● TASK BRIEF
Drop the pictures and repeat the remaining data exactly.

● RECORDED INFORMATION
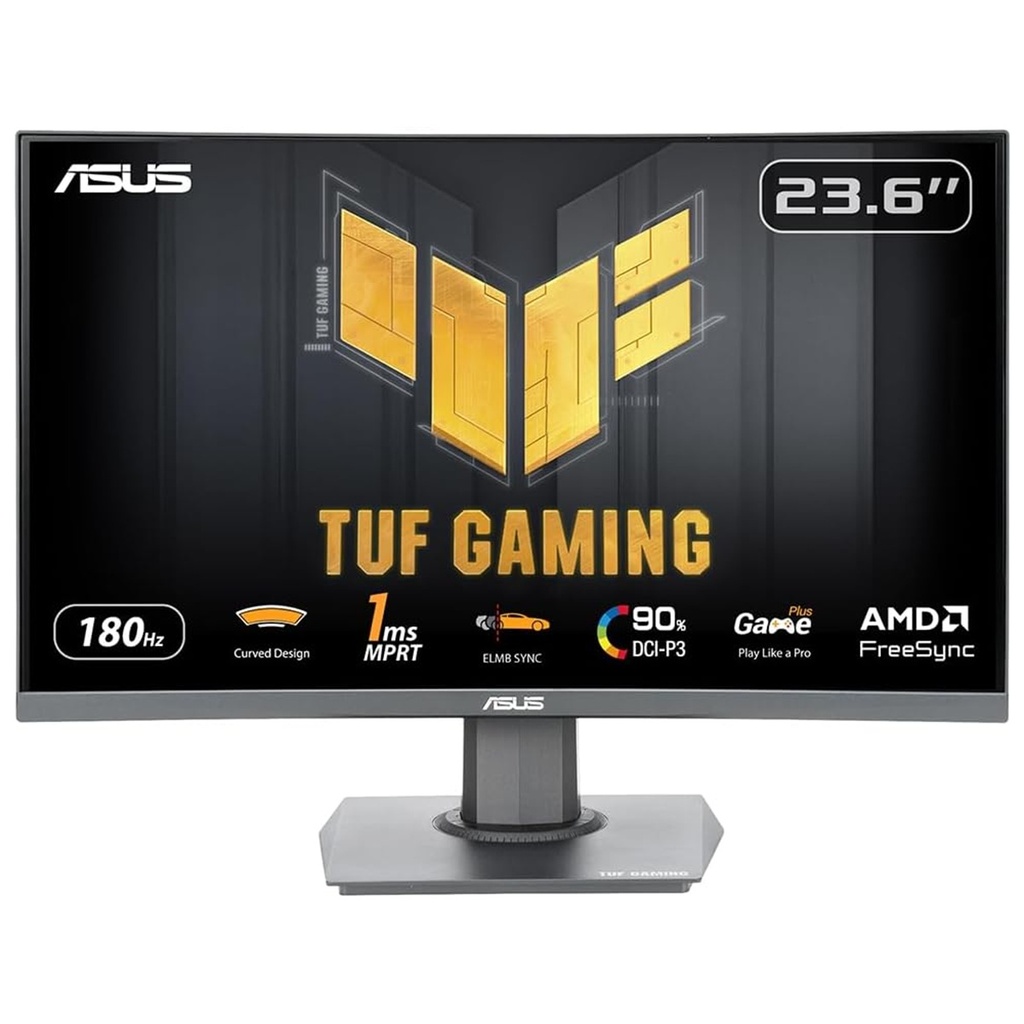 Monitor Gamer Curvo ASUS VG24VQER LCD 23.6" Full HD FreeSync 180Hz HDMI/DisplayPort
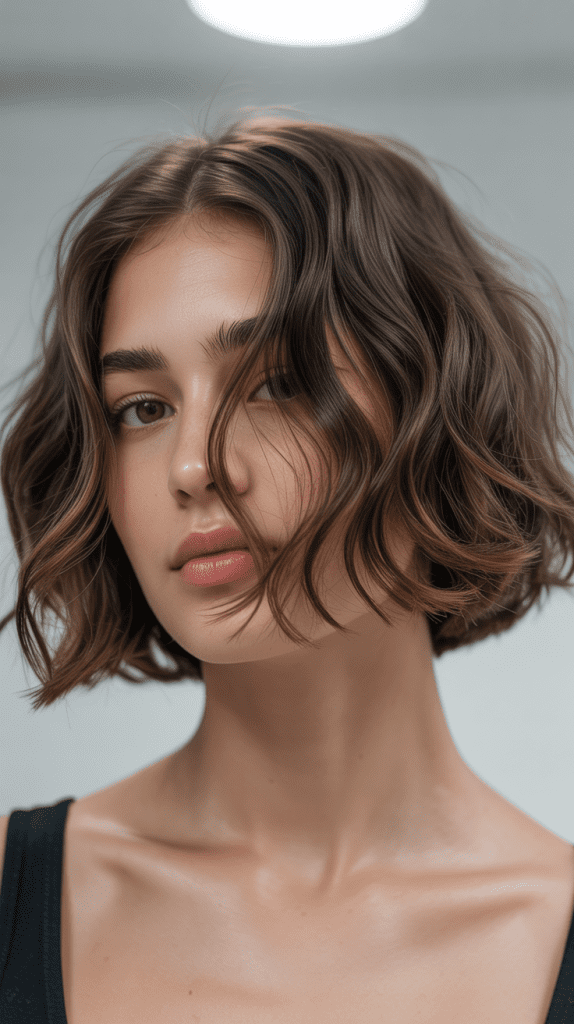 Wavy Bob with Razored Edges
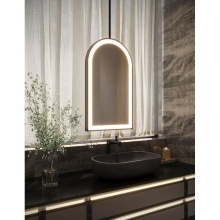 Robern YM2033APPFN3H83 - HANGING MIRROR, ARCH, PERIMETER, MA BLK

● WRITTEN ANSWER
 Monitor Gamer Curvo ASUS VG24VQER LCD 23.6" Full HD FreeSync 180Hz HDMI/DisplayPort
 Wavy Bob with Razored Edges
 Robern YM2033APPFN3H83 - HANGING MIRROR, ARCH, PERIMETER, MA BLK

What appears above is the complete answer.